3.1 Pakket van eisen • De routine moet op alle geometrische informatie die Inventor over het onderdeel geeft, dus het gewicht, het oppervlak, het volume en de massatraagheidsmomenten, toepasbaar zijn; • Daarnaast moeten deze geoptimaliseerd kunnen worden terwijl er rekening gehouden moet worden met de maximaal toelaatbare spanningen in het onderdeel; • Het programma moet stabiel zijn, zodat Inventor en/of de computer niet vastlopen; • Meerdere parameters moeten kunnen worden geoptimaliseerd; • Voor de verschillende parameters moet een bereik kunnen worden opgegeven, waarbinnen het optimum gevonden moet worden; • Het optimum moet zo snel mogelijk gevonden worden; • De routine moet universeel zijn, dus niet geschreven voor een specifiek onderdeel, maar toepasbaar op allerlei onderdelen. Om er achter te komen welke techniek voldoet aan bovengenoemde eisen, zijn er verschillende technieken toegepast. Voor het bestuderen van de verschillende optimalisatietechnieken is voornamelijk de literatuur van Daniels [3] gebruikt.
3.2 Iteratieve zoekmethoden Vooral door de steeds groter wordende rekencapaciteit van de computer zijn er de laatste decennia veel optimalisatietechnieken ontwikkeld. Een optimalisatietechniek is een iteratieve zoekmethode. Iteratief betekent dat de verschillende uitkomsten van de berekeningen met elkaar vergeleken worden, waarna de berekeningen bijgestuurd worden om zo het uiteindelijke doel te benaderen.
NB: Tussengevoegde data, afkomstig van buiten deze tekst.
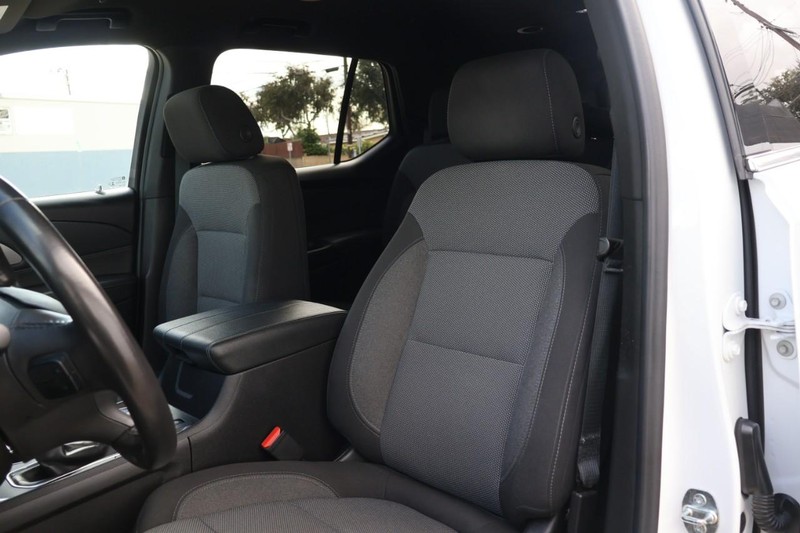 Chevrolet Traverse Vehicle Full-screen Gallery Image 21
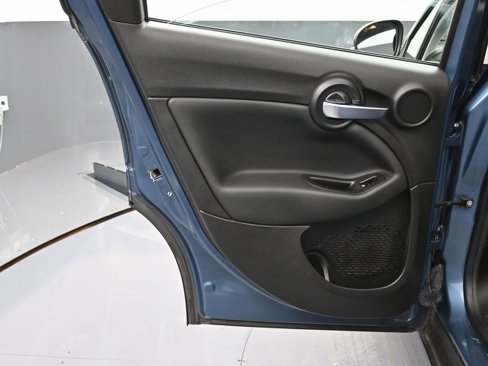 Used 2019 FIAT 500X Pop image 40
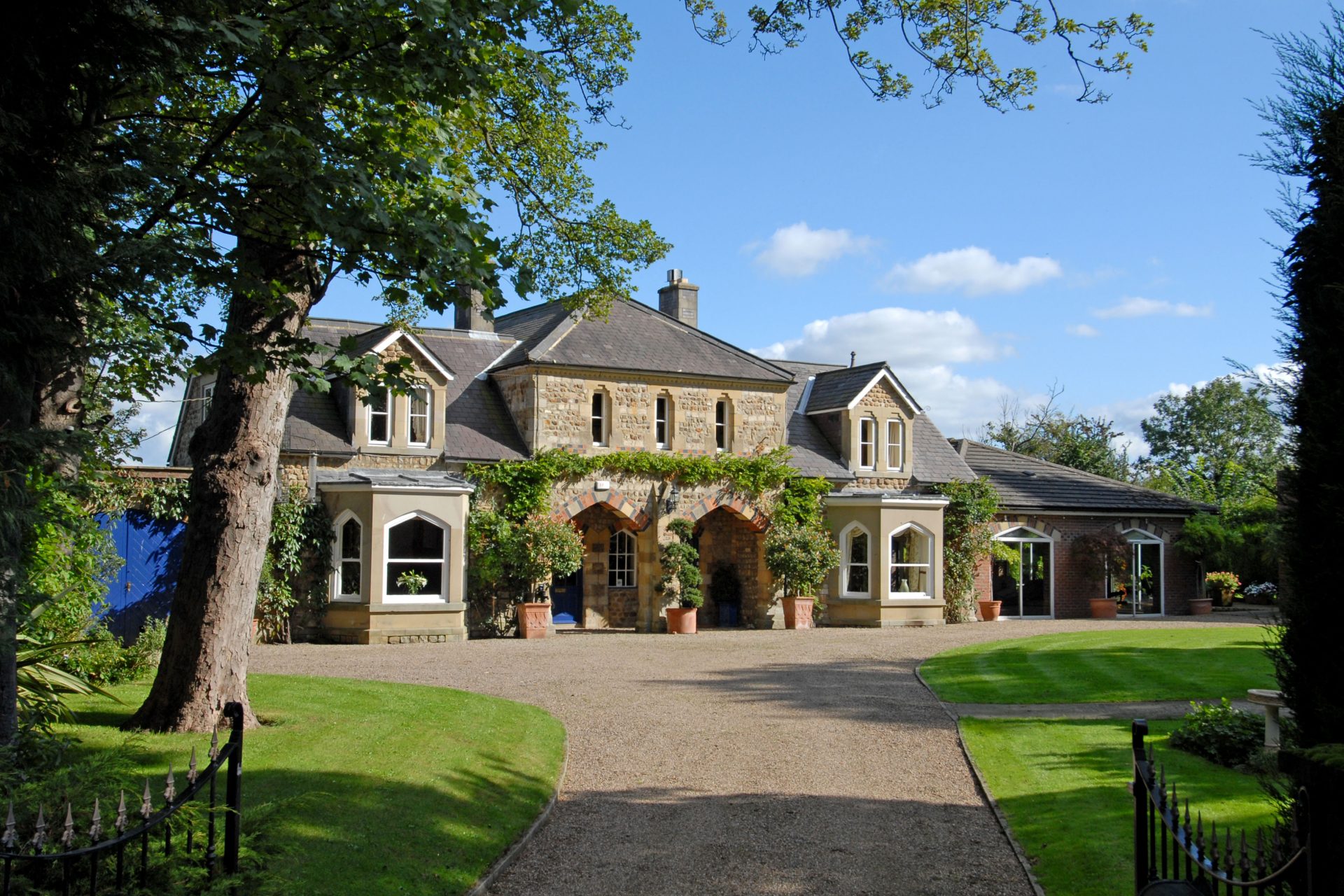 Beautiful detached property built in stone with a large driveway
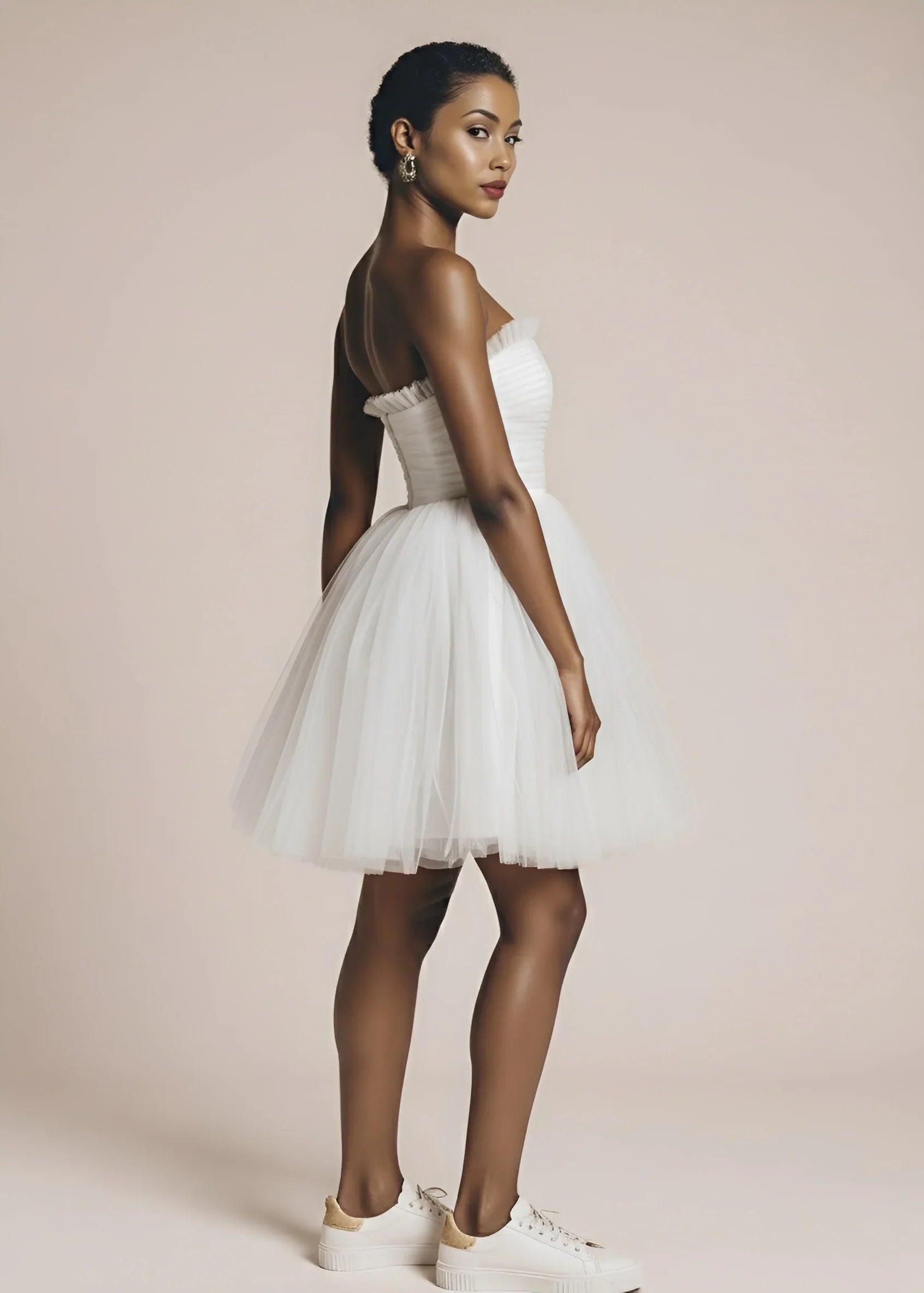 Tiulowa sukienka MINI z falbanami - Sweet Victoria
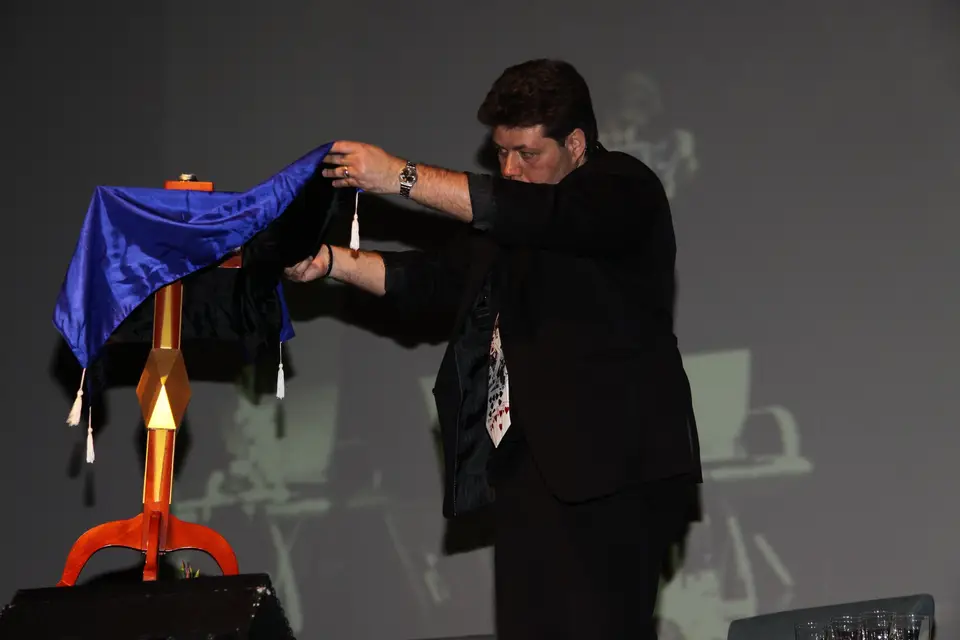 Anthony Meisburger Magicien — photo 2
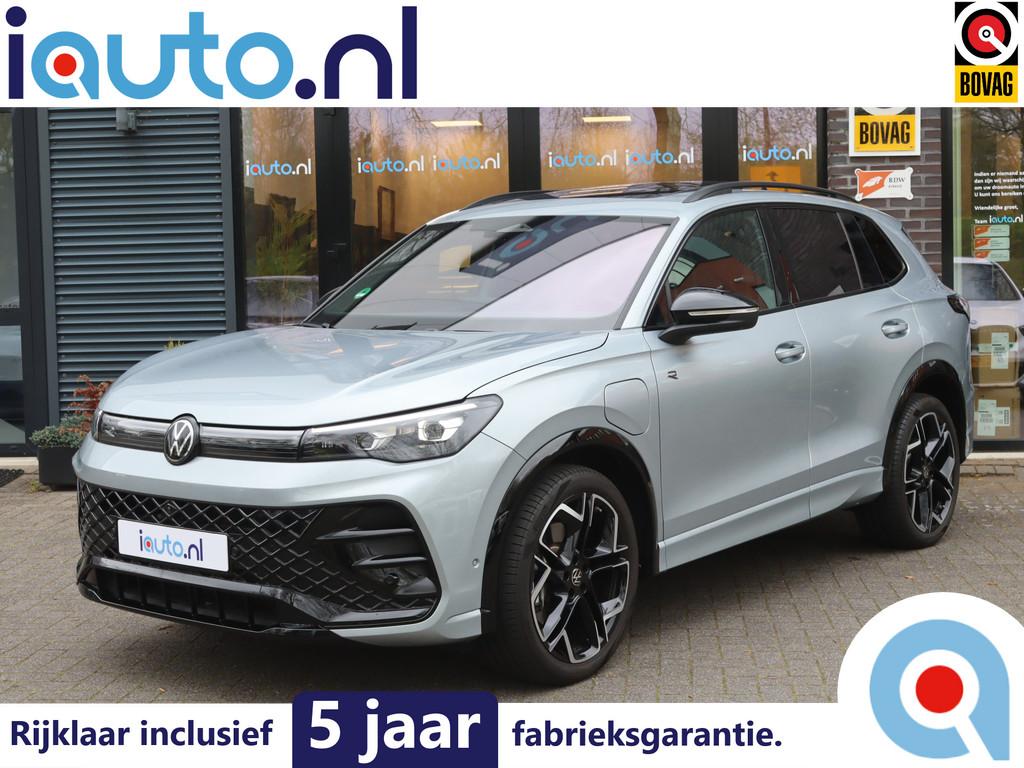 Volkswagen Tiguan 1.5 eHybrid 272pk R-Line Black Style Pano/, Auto's, Volkswagen, 12 maanden, 4 cilinders, Hybride Elektrisch/Benzine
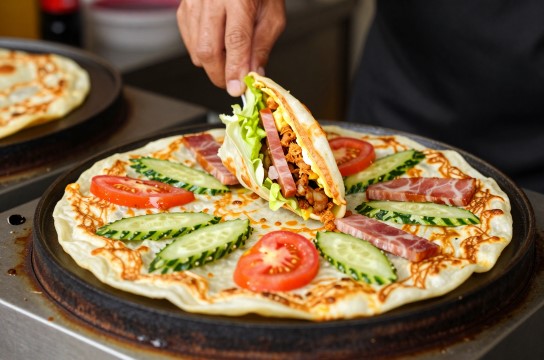 汪姐鸡蛋灌饼是哪里的特产?_江苏特色小吃介绍-展庭百科汇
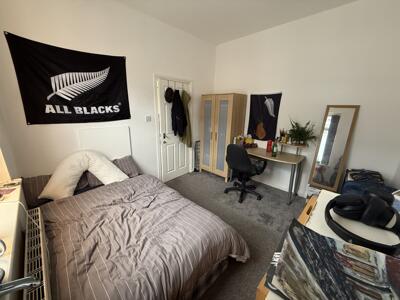 Picture 4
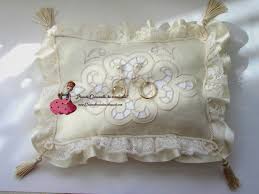 Cuscini portafedi economici online per il tuo matrimonio. Piccole Coccinelle La Creativita Cuscino Porta Fedi Ricamato A Intaglio Realizzato Interamente A Mano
Bij iteratieve zoekmethoden kan onderscheid gemaakt worden tussen twee verschillende technieken. • Optimalisatie algoritmen die gebruik maken van analytische gradiëntinformatie; • Optimalisatie algoritmen die geen gradiëntinformatie gebruiken. Bij de optimalisatie algoritmen die geen gebruik maken van gradiëntinformatie wordt de zoekrichting van te voren vastgelegd. De halveringsmethode en de simplex methode zijn hier voorbeelden van. De halveringsmethode wordt besproken in hoofdstuk 4.
- Nijmegen -
13
- Optimalisatie in Inventor -
In de literatuur worden vooral de gradiëntmethoden besproken. Deze gradiëntmethoden maken gebruik van de eerste en soms zelfs de tweede afgeleiden. Als alleen eerste afgeleide informatie gebruikt wordt spreekt men van eerste-orde methoden. De methode van de steilste helling (Steepest-Descent) is hier een voorbeeld van. Een nog uitgebreidere methode is de Fletcher Powell methode, deze maakt gebruik van de tweede afgeleide en is dus een tweede-orde methode. De convergentiesnelheid van deze gradiëntmethoden zijn vele malen groter dan de optimalisatie technieken die hier geen gebruik van maken. Dit wil zeggen dat het minimum of maximum sneller gevonden wordt. Deze methode hebben dus minder berekeningen nodig om tot het eindresultaat te komen. Bij een optimalisatietechniek wordt er gezocht naar of het maximum of naar het minimum van een bepaalde functie. Op een maximum of minimum is de eerste afgeleide gelijk aan nul. In figuur 1 is het minimum van een bepaalde functie in het blauw weergegeven.
Figuur 1: Functie met minimum.
3.3 Optimalisatiemethoden integreren in VBA Nadat de verschillende technieken bekeken zijn is het zaak om deze in VBA te programmeren. In het boek van Daniels [3] staan naast de uitleg van de verschillende optimalisatietechnieken ook routines van de verschillende methoden. Het enige nadeel is dat deze routines in de programmeertaal Fortran geschreven zijn. Fortran is een programmeertaal die speciaal ontwikkeld is voor wetenschappelijke doeleinden. Het woord Fortran is een samentrekking van FORmula TRANslation. Fortran was een van de eerste programmeertalen. De eerste versie van de Fortranstandaard is in 1966 ontwikkeld. De taal verschilt echter niet veel van VBA, sommige notaties moesten worden aangepast, maar in het algemeen konden de routines zo in VBA geprogrammeerd worden.
- Nijmegen -
14
- Optimalisatie in Inventor -
4. Halveringsmethode Om te kijken of de optimalisatietechnieken daadwerkelijk in Inventor geïntegreerd kunnen worden is met de ‘eenvoudigere’methoden begonnen. Dit om zogenaamde programmeerfouten (bugs) te kunnen ondervangen en om de werking van de verschillende technieken beter te doorgronden.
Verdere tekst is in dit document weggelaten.